La recherche des prix les plus bas peut aussi fréquemment conduire à la diminution de l’offre de services dans un objectif de rationalisation des coûts comme le service après-vente, l’assistance à domicile, la gratuité de certains services (dans les avions par exemple, les repas)… C’est bien souvent tout cela qui disparaît avec le low cost, on peut donc se demander quelles seront les conséquences sur le suivi des infrastructures, par exemple.

Par ailleurs, avez-vous mesuré l’impact d’un nouvel entrant sur l’économie des trois autres opérateurs ? C’est un point important en ces temps d’incertitudes économiques.

Les trois opérateurs actuels, Orange, SFR et Bouygues Télécom, atteignent tout juste l’équilibre économique lié aux investissements réalisés pour le déploiement du réseau. Or, l’arrivée d’un nouvel entrant va de fait comprimer un marché qui n’est pas extensible, d’autant qu’il va se concentrer sur les zones les plus rentables.

N’y a t-il pas dès lors un risque de moindre investissement des opérateurs d’une part pour achever la couverture du territoire alors que ce sera d’autant moins rentable et d’autre part pour aller sur d’autres segments comme par exemple les fréquences offertes par le dividende numérique?

Pour toutes ces raisons, à ce stade, nous émettons des réserves sur ce projet.

Est ce vraiment le moment de procéder à cette opération qui si j’ai bien compris représente pour vous un élément du plan de relance économique ? Il y a un risque évident d’effets pervers.
Si vous attribuez ces fréquences, quelles contreparties précises allez vous demander aux opérateurs, et en particulier au nouvel entrant, en termes de couverture du territoire et d’investissements ?

Ce sont autant de points élémentaires qu’il eut été utile de connaître avant d’avoir ce débat.

Je veux le dire à nouveau, nous émettons dans la conjoncture actuelle des réserves sur l’attribution d’une bande de fréquence à un nouvel opérateur.

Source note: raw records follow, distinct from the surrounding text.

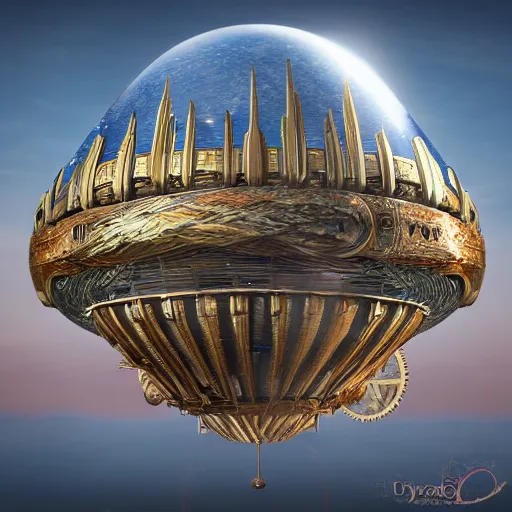 Image similar to enormous flying city in a faberge egg, sky, steampunk, fantasy art, unreal engine,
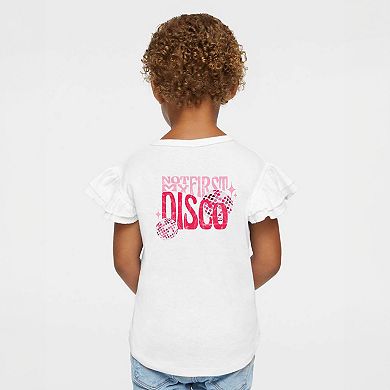 Not My First Disco - Girl's Flutter Sleeve Graphic T-Shirt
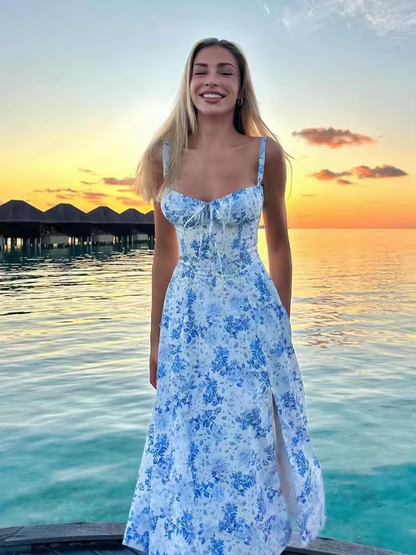 Vestido de verão com estampa floral para férias, elegante, midi, alças finas, com cadarço, linha A, roupa casual feminina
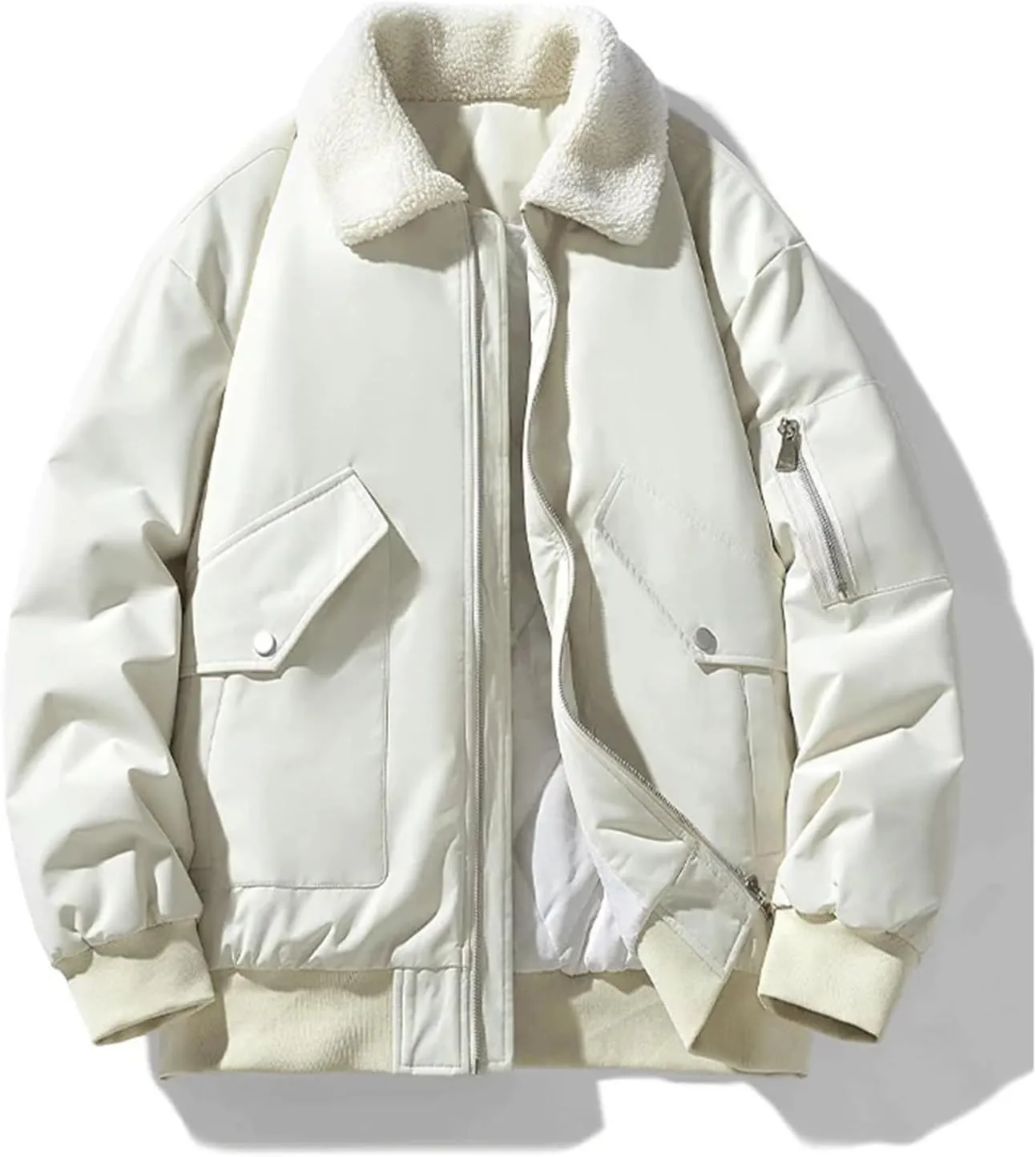 Men's Winter Cotton-Padded Couple Jacket Outdoor Lapel Lamb Wool Thickened Warm Loose Windbreaker Coat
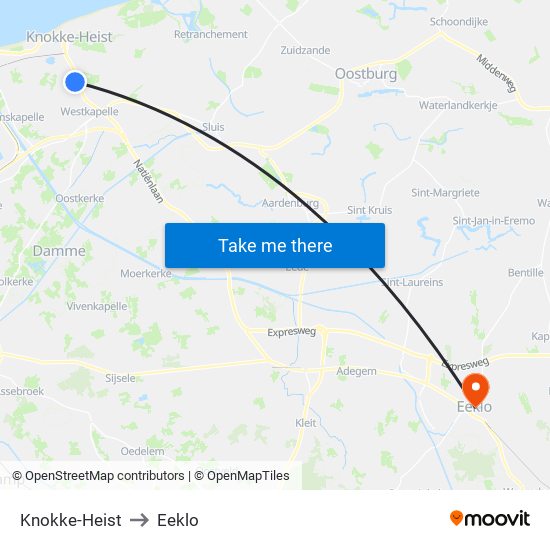 Knokke-Heist to Eeklo map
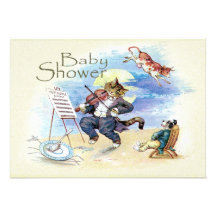 Cat and Fiddle Baby Shower Yellow Vintage Personalized Invite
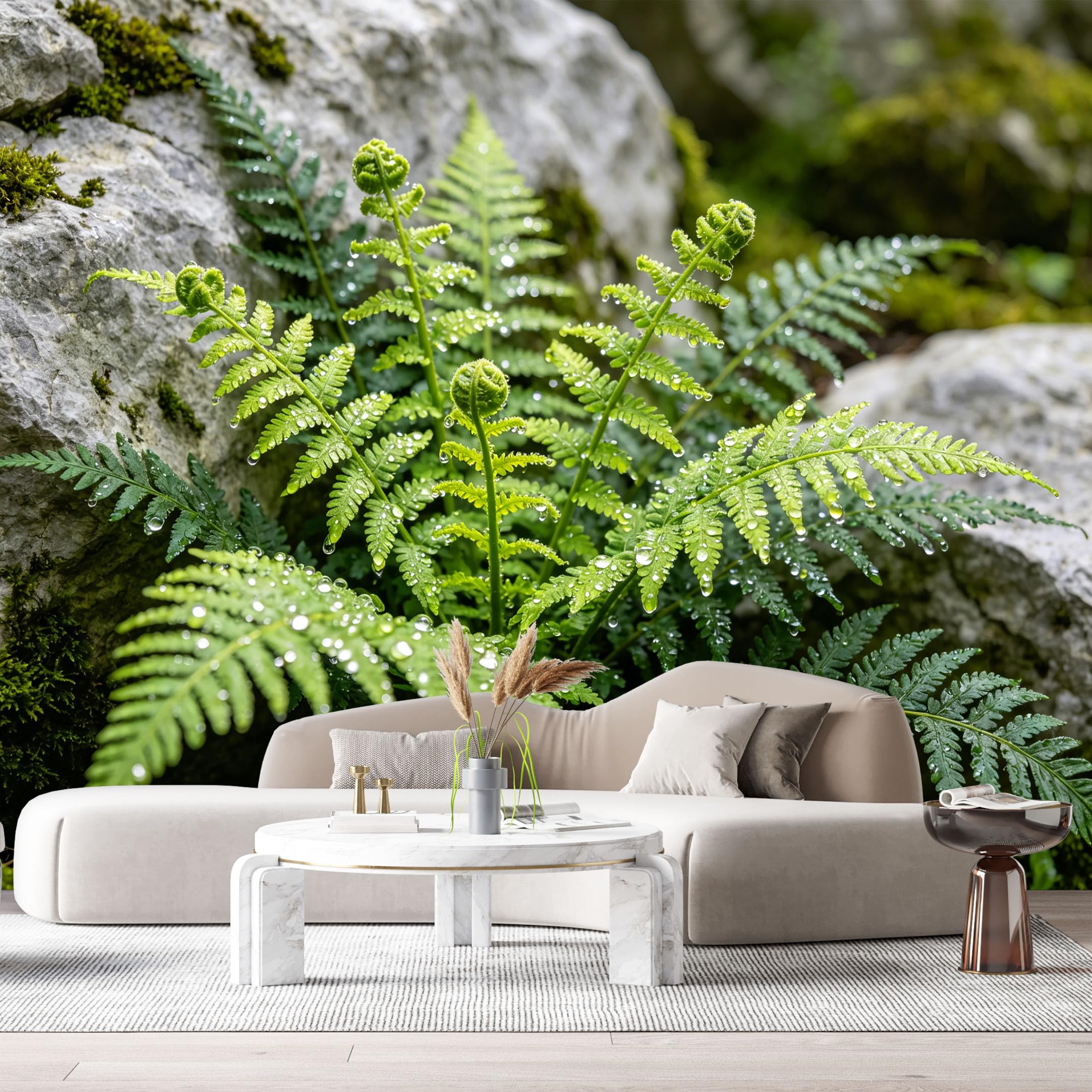 Custom Size Wall Murals Green Fern Botanical Forest Textured Stone Nature SelfAdhesive Wall Fabric Removable Large Wallpaper for Photo Living Room
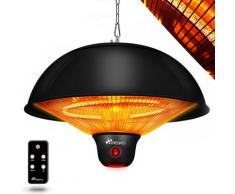 Tresko - Chauffage Radiant Plafond Infrarouge Noir 1500W + Télécommande + Affichage LED | Radiateur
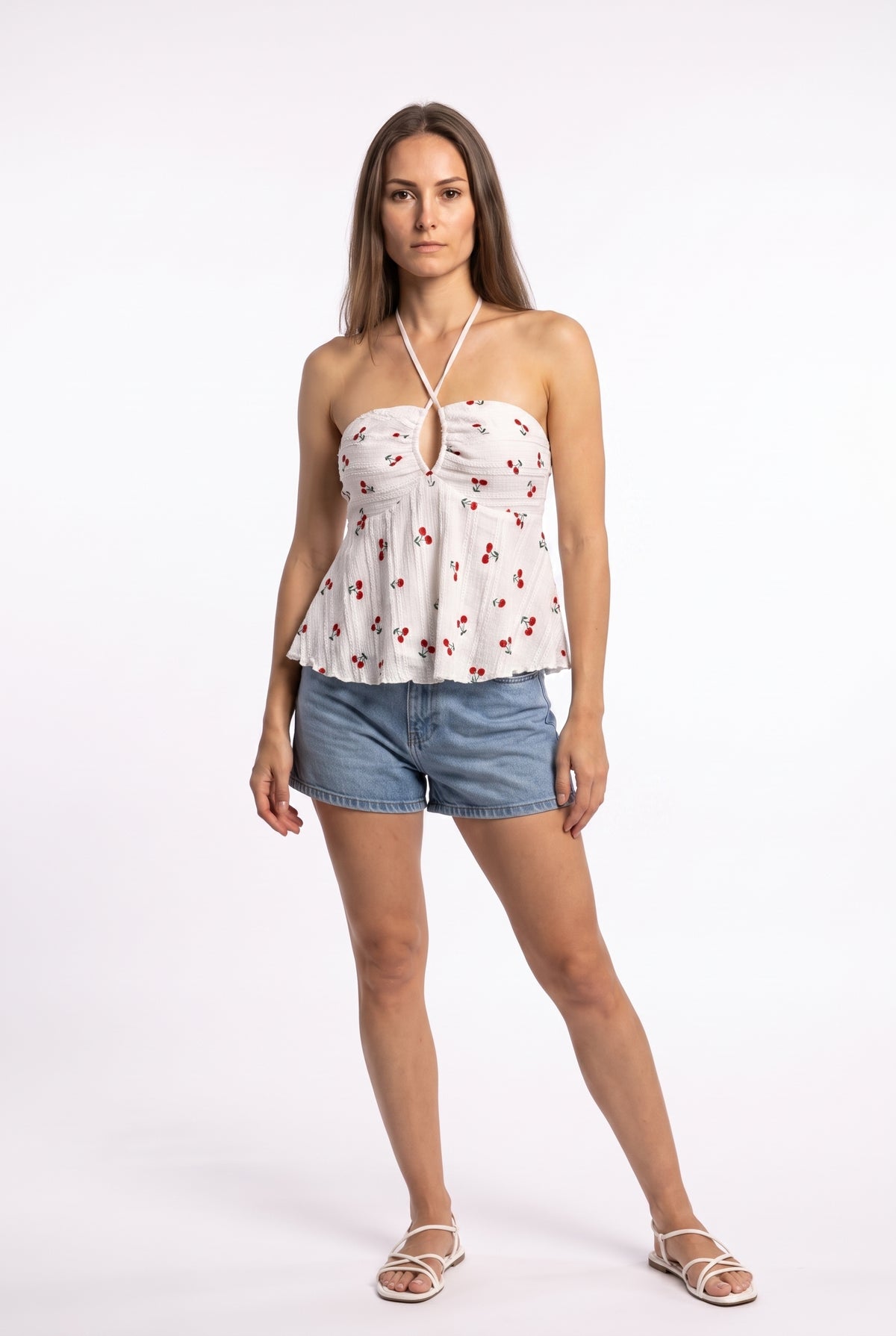 White Cherry Print Peplum Top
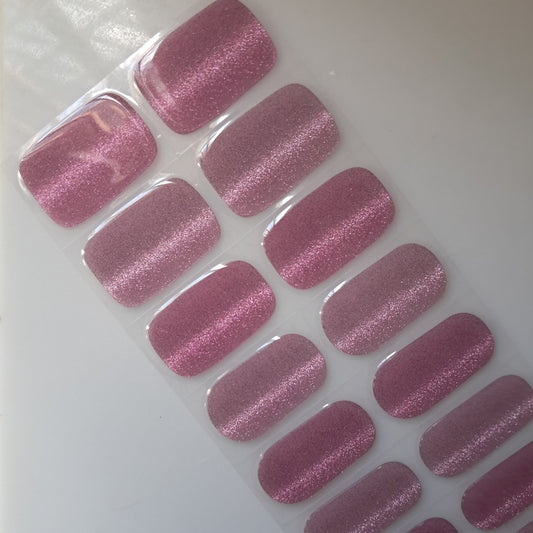 Pink Shimmer Semi Cured Gel Nail Wraps Kit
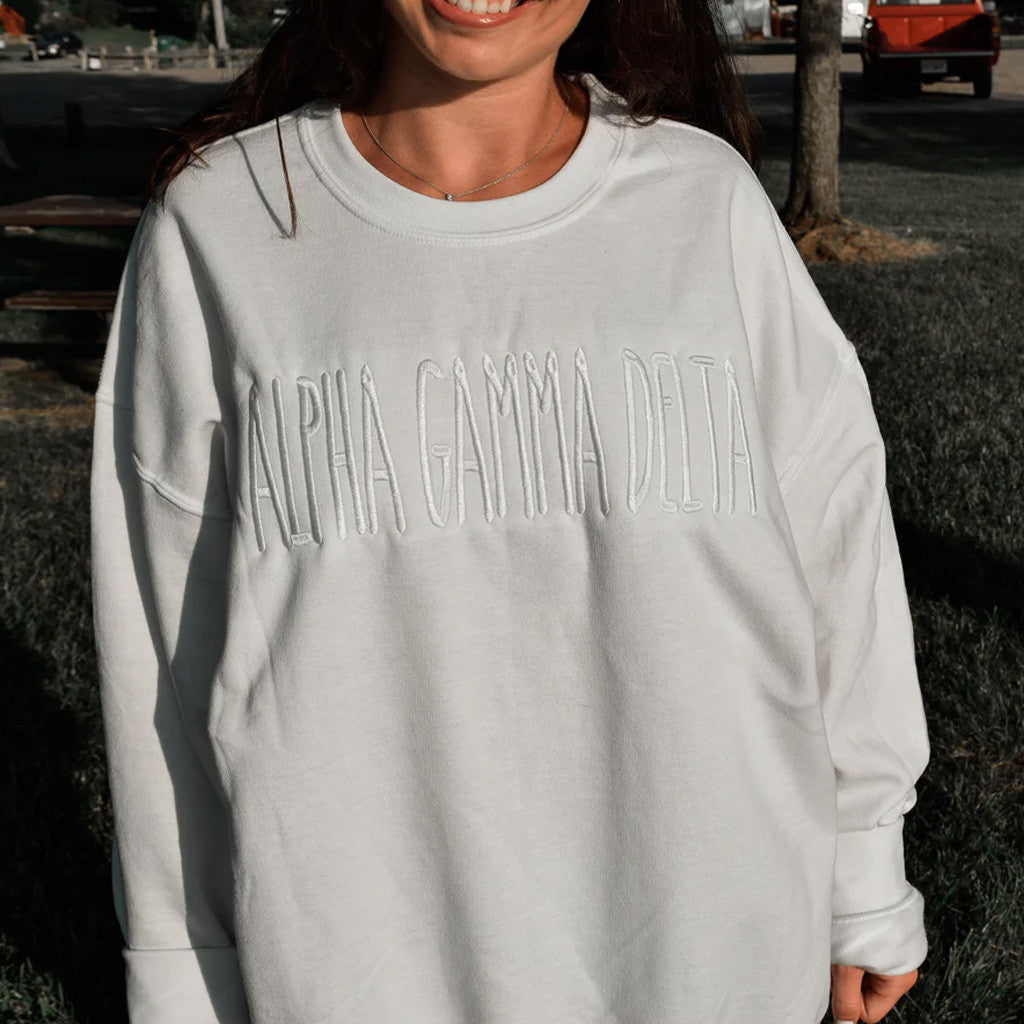 Sorority Merch Embroidered Sorority Sweatshirt White Christmas Gifts For Friends - Lilybirchmarket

Nous ne prêtons pas au marché toutes les vertus que vous semblez lui accorder. Et nous jugeons que les garanties en termes de déploiement du réseau sur l’ensemble du territoire et de niveau d’investissements ne sont pas suffisantes pour se prononcer sur l’attribution de la quatrième licence.

L’objectif n’est il pas plutôt d’obtenir une couverture parfaite du territoire par les trois opérateurs existants et surtout de ne pas hypothéquer les capacités d’investissements POUR les enjeux à venir : 4G et le virage du LTE ?

En l’absence des garanties qui sont pourtant fondamentales en termes – et j’insiste – d’aménagement du territoire et sur la protection des consommateurs, en l’absence de toute étude d’impact sérieuse sur les conséquences de l’attribution de la quatrième licence sur l’économie du secteur, nous considérons qu’il est imprudent de procéder à l’attribution de la quatrième licence dès aujourd’hui. C’est pourquoi nous vous demandons de procéder aux évaluations qui s’imposent.